■ Try it
Every line in the listing below from the one with "Cobalt Red : How" through the one with "İlk Defa Denendi" is to be reproduced exactly, both ends included; leave out the rest.

■ Record excerpts
------------

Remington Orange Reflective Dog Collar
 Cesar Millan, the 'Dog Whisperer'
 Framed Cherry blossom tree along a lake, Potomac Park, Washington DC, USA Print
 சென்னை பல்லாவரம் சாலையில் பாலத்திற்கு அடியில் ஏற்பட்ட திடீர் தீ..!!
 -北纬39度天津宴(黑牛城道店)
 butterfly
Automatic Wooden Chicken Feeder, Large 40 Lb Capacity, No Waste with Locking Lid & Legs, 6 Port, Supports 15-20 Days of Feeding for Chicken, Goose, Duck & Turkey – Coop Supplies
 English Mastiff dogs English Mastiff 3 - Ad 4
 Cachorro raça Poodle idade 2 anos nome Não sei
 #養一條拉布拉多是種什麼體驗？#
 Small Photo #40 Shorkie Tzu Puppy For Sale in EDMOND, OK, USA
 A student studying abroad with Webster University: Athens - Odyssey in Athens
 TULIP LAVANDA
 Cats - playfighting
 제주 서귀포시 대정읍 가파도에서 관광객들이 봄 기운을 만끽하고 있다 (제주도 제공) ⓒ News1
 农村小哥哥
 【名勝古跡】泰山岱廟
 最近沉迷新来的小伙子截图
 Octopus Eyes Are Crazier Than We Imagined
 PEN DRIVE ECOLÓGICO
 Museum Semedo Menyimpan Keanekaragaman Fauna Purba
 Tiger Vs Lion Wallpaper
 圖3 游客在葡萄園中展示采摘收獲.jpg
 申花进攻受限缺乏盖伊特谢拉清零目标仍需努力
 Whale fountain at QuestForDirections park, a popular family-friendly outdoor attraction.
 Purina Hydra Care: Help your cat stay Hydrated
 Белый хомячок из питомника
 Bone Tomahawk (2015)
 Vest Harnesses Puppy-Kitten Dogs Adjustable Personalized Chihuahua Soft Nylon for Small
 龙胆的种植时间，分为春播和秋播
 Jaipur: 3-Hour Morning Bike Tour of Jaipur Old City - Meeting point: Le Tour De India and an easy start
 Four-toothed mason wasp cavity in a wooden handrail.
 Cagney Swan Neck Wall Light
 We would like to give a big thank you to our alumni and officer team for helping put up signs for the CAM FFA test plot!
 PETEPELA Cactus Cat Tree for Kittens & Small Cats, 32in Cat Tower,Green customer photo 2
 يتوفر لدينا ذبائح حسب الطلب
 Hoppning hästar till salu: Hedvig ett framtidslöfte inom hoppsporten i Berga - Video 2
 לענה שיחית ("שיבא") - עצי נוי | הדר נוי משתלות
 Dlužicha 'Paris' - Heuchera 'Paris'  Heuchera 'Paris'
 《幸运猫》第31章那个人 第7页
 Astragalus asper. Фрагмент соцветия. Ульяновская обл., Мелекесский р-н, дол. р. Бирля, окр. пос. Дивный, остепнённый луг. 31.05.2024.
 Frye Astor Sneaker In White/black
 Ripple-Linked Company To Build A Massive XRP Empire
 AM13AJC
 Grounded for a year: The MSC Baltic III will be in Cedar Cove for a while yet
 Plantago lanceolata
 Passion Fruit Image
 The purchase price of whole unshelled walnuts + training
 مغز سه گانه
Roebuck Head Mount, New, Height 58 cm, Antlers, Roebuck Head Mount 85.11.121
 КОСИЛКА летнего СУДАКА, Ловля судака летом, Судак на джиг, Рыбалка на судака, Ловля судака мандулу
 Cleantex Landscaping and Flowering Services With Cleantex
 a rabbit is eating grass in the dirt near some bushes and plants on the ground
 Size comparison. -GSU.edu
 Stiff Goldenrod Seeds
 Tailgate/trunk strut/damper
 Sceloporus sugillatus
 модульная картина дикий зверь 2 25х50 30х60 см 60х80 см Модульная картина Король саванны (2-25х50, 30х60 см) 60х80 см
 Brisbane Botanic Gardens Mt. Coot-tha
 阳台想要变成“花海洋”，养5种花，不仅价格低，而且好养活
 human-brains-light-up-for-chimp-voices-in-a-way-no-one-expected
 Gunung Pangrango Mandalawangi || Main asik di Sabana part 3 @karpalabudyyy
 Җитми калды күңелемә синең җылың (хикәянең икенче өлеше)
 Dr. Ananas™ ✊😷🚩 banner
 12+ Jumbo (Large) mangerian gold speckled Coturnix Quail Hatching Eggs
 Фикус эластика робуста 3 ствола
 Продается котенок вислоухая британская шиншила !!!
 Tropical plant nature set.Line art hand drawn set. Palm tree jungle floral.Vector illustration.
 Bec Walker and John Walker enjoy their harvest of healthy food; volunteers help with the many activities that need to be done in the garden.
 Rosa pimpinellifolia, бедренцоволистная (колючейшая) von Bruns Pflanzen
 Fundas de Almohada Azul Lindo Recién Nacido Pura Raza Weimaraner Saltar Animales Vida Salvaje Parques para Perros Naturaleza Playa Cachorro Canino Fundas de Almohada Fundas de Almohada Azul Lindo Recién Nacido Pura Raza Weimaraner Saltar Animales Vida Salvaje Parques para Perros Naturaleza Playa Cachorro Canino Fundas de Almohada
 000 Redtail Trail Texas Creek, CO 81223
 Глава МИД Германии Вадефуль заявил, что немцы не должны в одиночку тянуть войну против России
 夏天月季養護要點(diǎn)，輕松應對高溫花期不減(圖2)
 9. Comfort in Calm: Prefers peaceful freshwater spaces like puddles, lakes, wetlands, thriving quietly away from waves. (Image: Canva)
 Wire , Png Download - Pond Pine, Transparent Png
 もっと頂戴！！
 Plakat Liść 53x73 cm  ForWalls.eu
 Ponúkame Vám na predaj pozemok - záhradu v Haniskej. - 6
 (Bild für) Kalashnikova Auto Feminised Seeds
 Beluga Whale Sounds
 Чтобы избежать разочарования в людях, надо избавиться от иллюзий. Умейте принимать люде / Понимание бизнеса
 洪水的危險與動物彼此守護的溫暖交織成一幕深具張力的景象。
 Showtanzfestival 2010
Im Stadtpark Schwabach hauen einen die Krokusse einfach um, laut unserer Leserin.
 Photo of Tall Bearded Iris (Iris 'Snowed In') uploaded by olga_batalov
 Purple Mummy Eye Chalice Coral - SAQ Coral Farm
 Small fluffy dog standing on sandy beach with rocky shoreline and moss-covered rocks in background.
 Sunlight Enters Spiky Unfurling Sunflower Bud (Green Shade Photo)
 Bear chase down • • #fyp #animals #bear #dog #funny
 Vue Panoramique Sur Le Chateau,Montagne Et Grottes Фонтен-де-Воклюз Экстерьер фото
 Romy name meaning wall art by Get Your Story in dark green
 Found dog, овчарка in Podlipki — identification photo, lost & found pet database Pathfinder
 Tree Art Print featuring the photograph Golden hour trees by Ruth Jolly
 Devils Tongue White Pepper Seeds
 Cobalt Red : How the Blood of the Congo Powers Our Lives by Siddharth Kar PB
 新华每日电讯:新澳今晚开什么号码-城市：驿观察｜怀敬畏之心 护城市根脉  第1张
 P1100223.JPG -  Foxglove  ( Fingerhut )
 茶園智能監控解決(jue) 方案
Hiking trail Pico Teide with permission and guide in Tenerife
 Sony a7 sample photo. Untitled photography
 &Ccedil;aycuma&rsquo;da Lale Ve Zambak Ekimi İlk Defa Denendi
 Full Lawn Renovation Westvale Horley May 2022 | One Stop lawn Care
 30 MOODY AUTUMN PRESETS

------------

■ Response area
 Cobalt Red : How the Blood of the Congo Powers Our Lives by Siddharth Kar PB
 新华每日电讯:新澳今晚开什么号码-城市：驿观察｜怀敬畏之心 护城市根脉  第1张
 P1100223.JPG -  Foxglove  ( Fingerhut )
 茶園智能監控解決(jue) 方案
Hiking trail Pico Teide with permission and guide in Tenerife
 Sony a7 sample photo. Untitled photography
 &Ccedil;aycuma&rsquo;da Lale Ve Zambak Ekimi İlk Defa Denendi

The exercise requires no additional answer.